Georgia O’Keeffe, “From the Faraway, Nearby,” 1937

Make no bones about it—
                           or better yet, make bones:
sandborne, sun-bleached, bald-faced bones
naked but for a Southwest sky.

I began picking up bones
                              because there were no flowers.
More than enough to fill your pockets, a treasure
trove—in plain sight—atop sage-covered plains.

In the picture taken by your lover, you pose with them—
                            nestling them, caressing them, pressing them:
brush of bone against your cheekbone. Your eyes rolled back
in ecstasy—momentarily, you were someplace else.

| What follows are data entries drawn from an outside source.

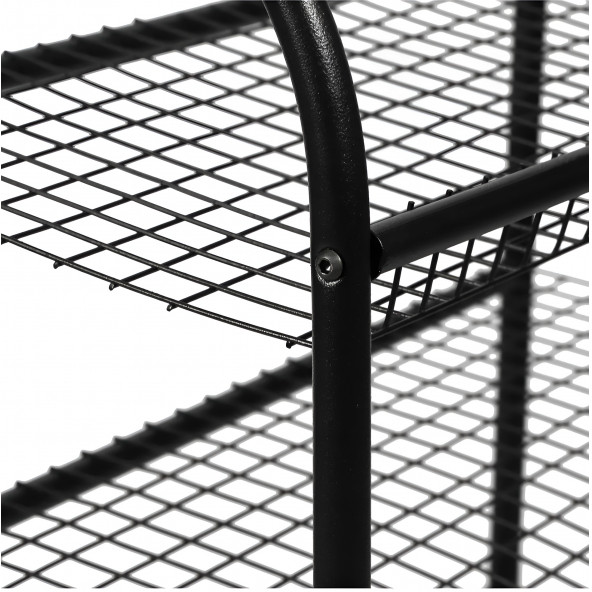 DEKORATİF 3 RAFLI METAL AYAKKABILIK - 3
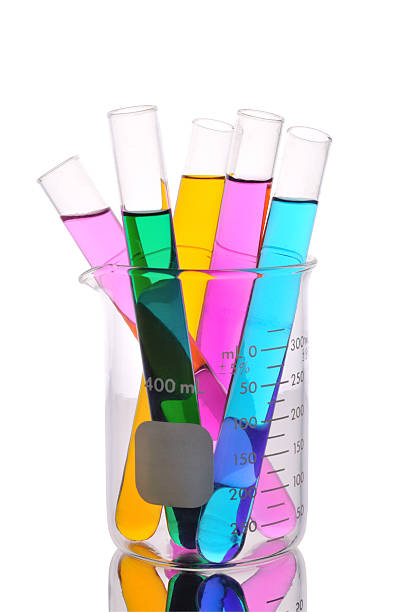 istock Chemical glass with test tubes 121089042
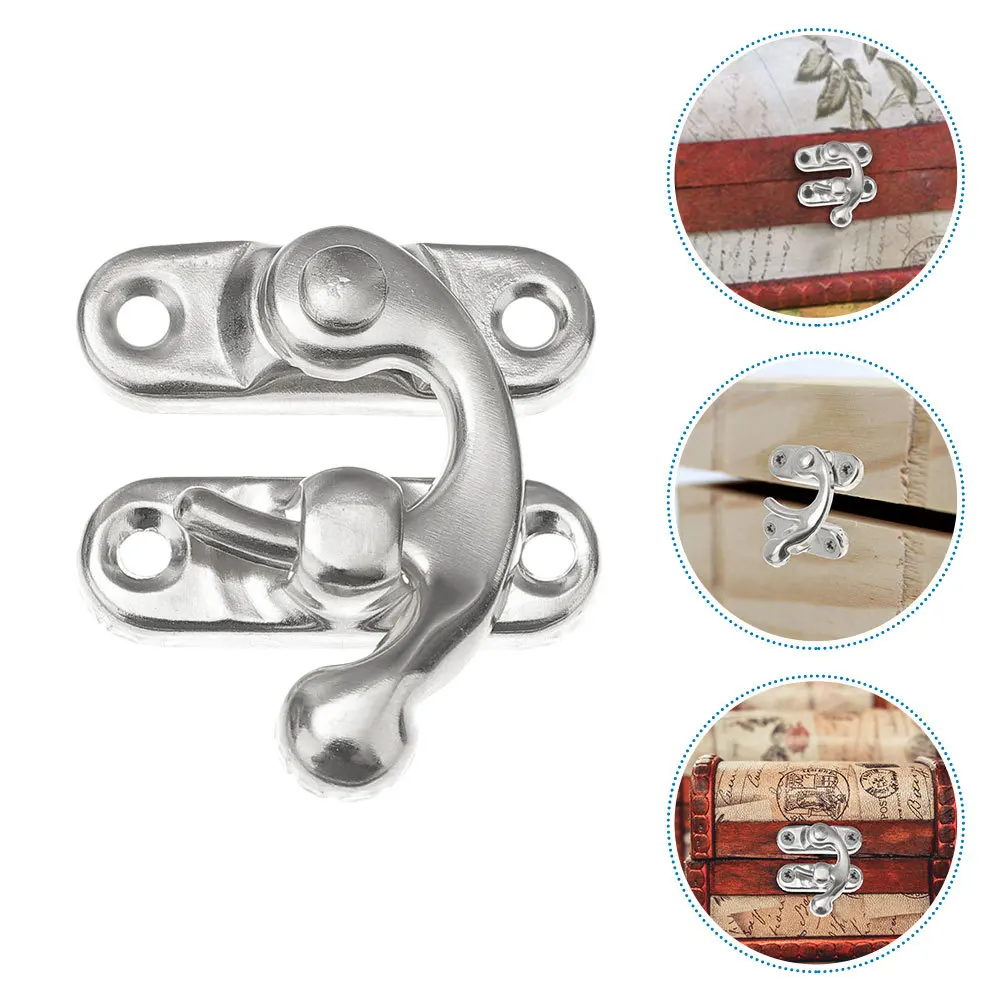 

20pcs Wood Box Lock Hardware Vintage Horn Lock For Diy Crafts Cabinet Jewelry Box Chest Toolbox Suitcase Silver Metal Toggle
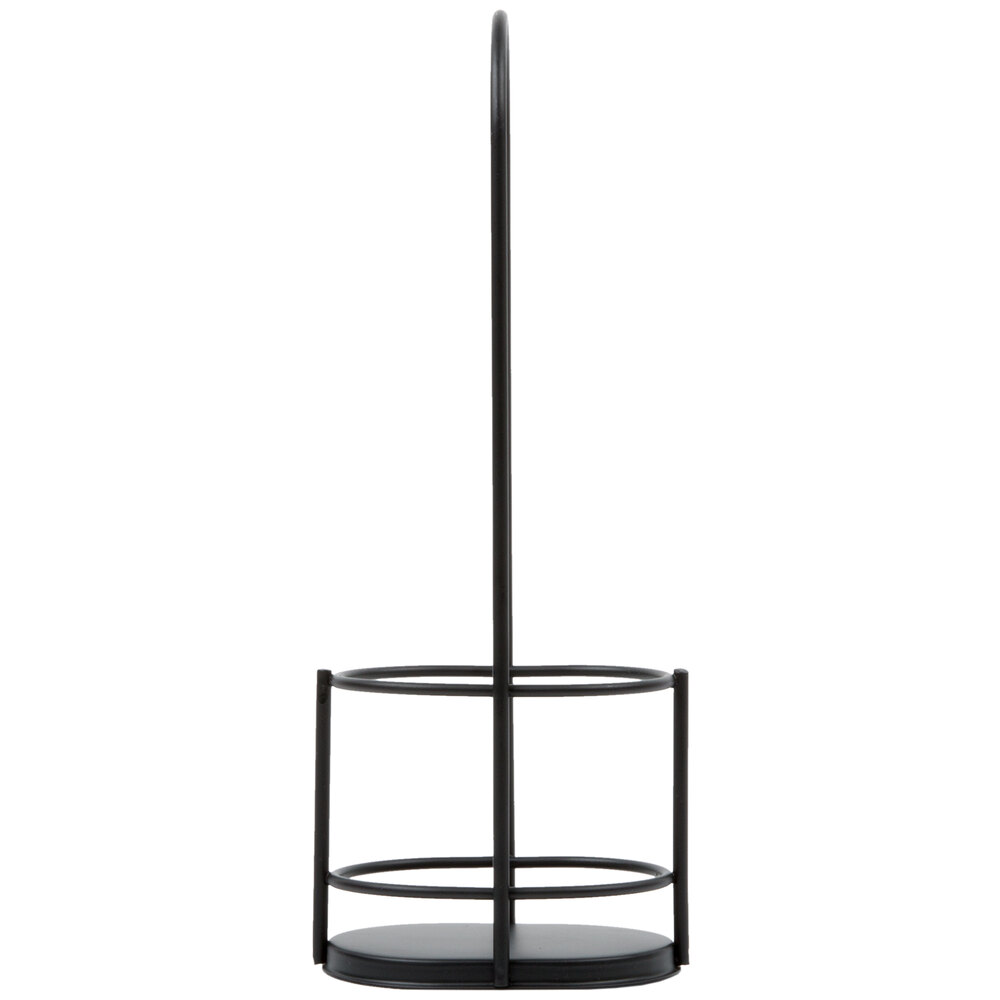 Tablecraft 918RBK Gemelli Black Olive Oil Cruet Rack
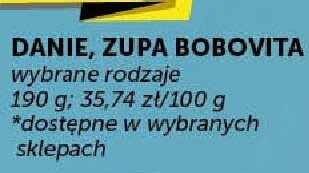Danie, zupa BoboVita promocja w Groszek
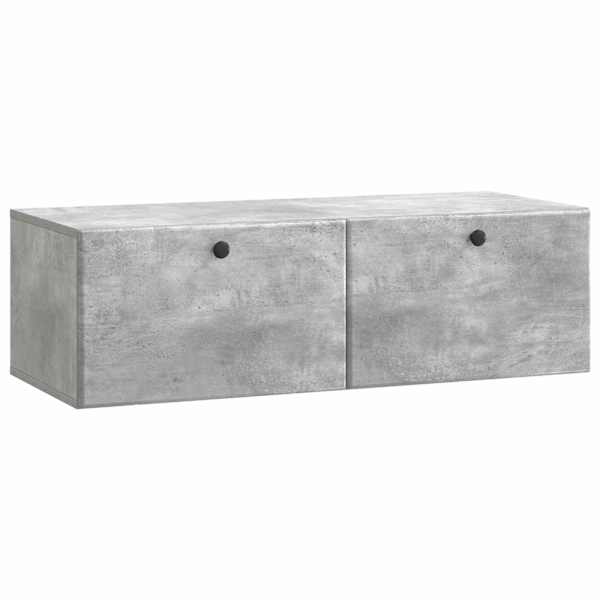 vidaXL Rippuv TV kapp 98 x 41 x 30 cm Betoonhall Tehispuit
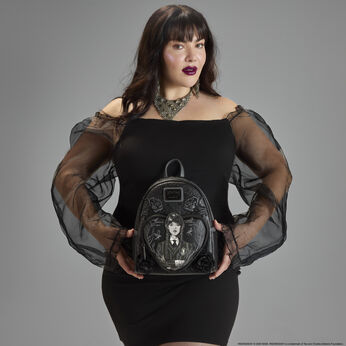 Wednesday Black Roses Mini Backpack, Image 2
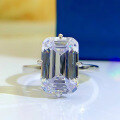 wholesale S925 Silver New Style High Carbon Diamond 8*12 Ring Ins Export Jewelry Piece for Drop Shipping-0-0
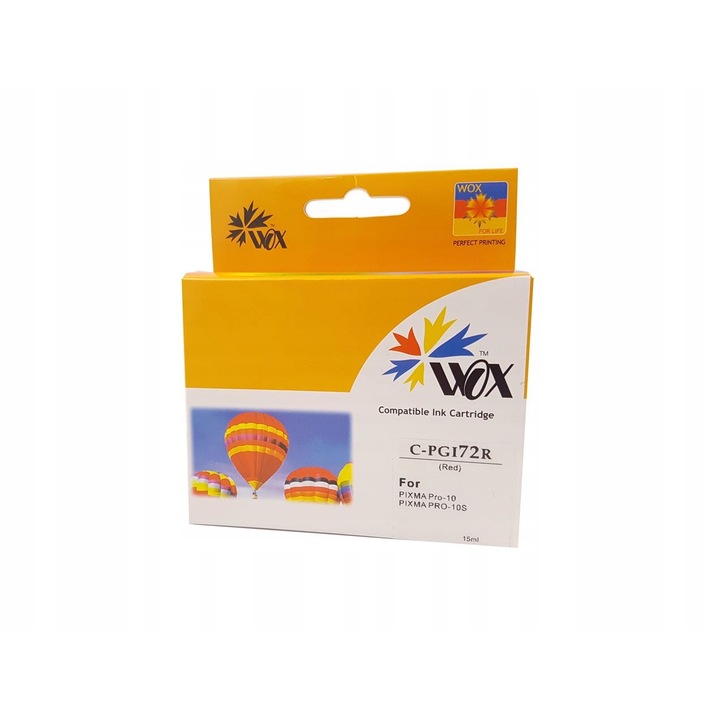 Wox PGI72R tintasugaras patron, kompatibilis Canon PIXMA PRO-10S, piros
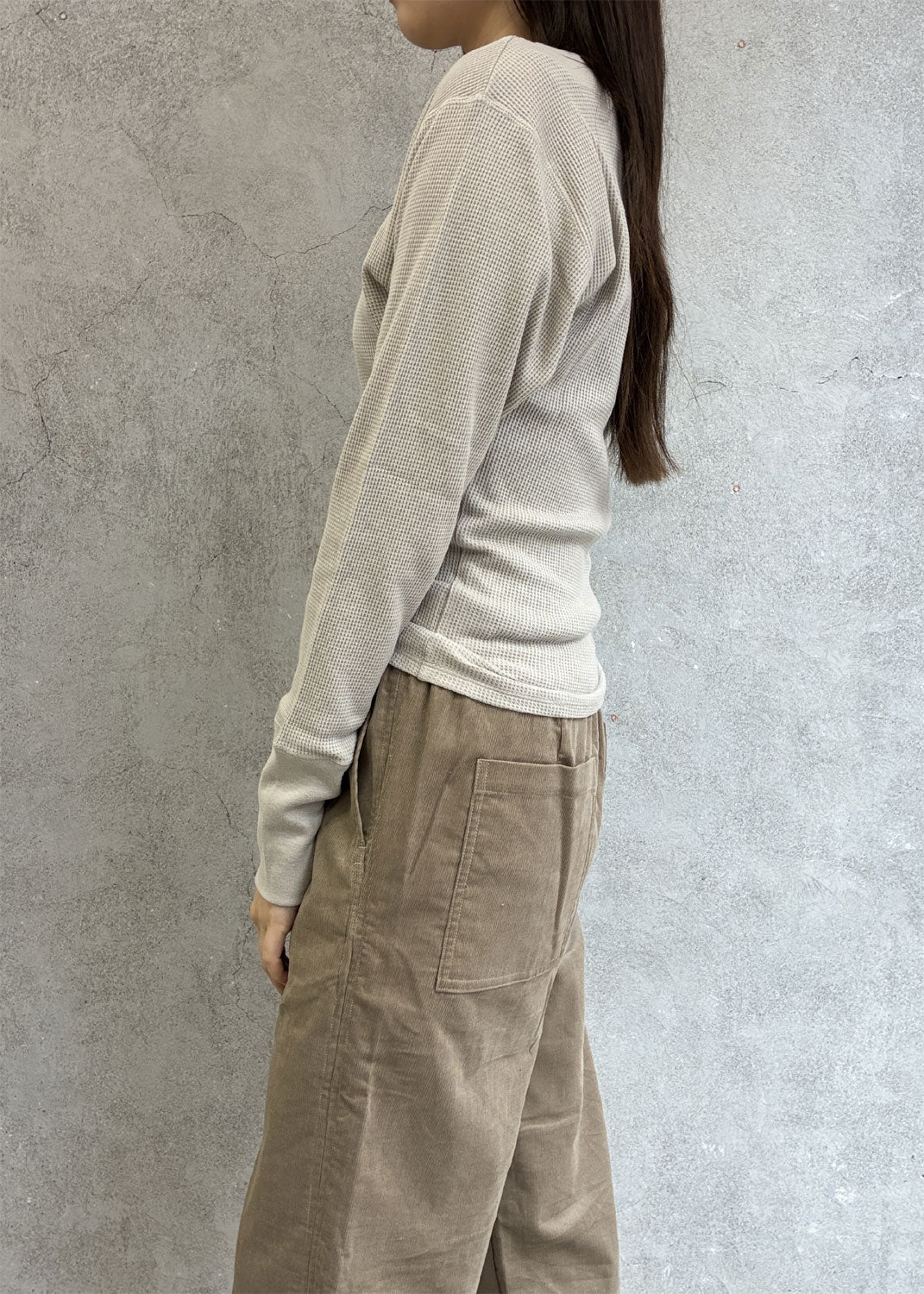 
                  
                    Waffle Long Sleeve Top
                  
                
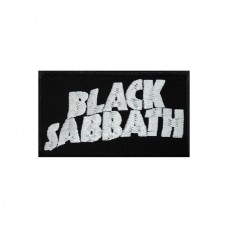 Нашивка вышитая Black Sabbath White Logo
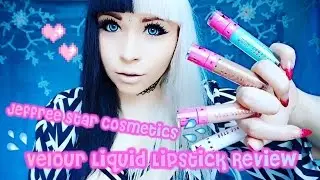 Jeffree Star Lipstick Review ~ I'm Nude, Posh Spice, Drug Lord & Breakfast At Tiffany's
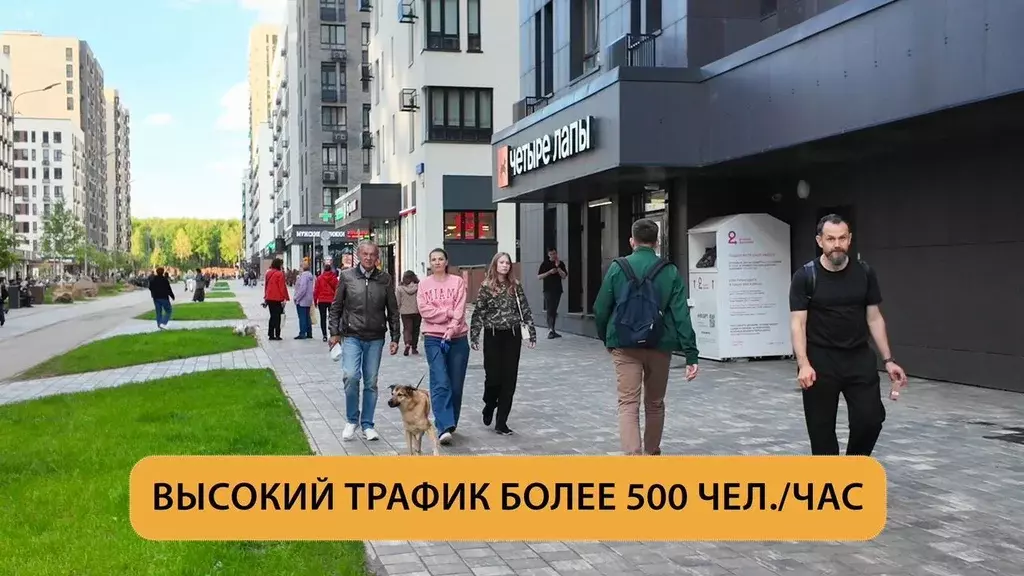 Помещение свободного назначения в Москва Скандинавия жилой комплекс, ... - Фото 1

Place was a metaphysics; the word “skeleton” meant “home.”
                           He will not follow you there. You return alone
to New Mexico, to your catacomb, curio cabinet stuffed
with canvases, with corpses.

It’s the summer of 1936 when you receive his letter:
              I worry ... the landscape makes you lonely ... 
But it is his logic that makes you lonely. You will not
bother to reply. Outside at dusk,

you paint the desert, the broken fence, a single
              chicken bone. Suddenly you are struck
to think how elemental they turned out to be,
your life’s preoccupations.

Where in the prism of  the painting antlers bloom,
              as ascendant and gnarled as branches,
sits the alien skull of the once-majestic stag,
his eye-sockets hollow but for your projections.

One night you dream you see yourself as if from far away,
              asleep and slumped on sand dunes the color of cream.
Walking backwards you watch with fascination as your body
fades into a hillock’s hump, is stifled by a sun-drenched sheet.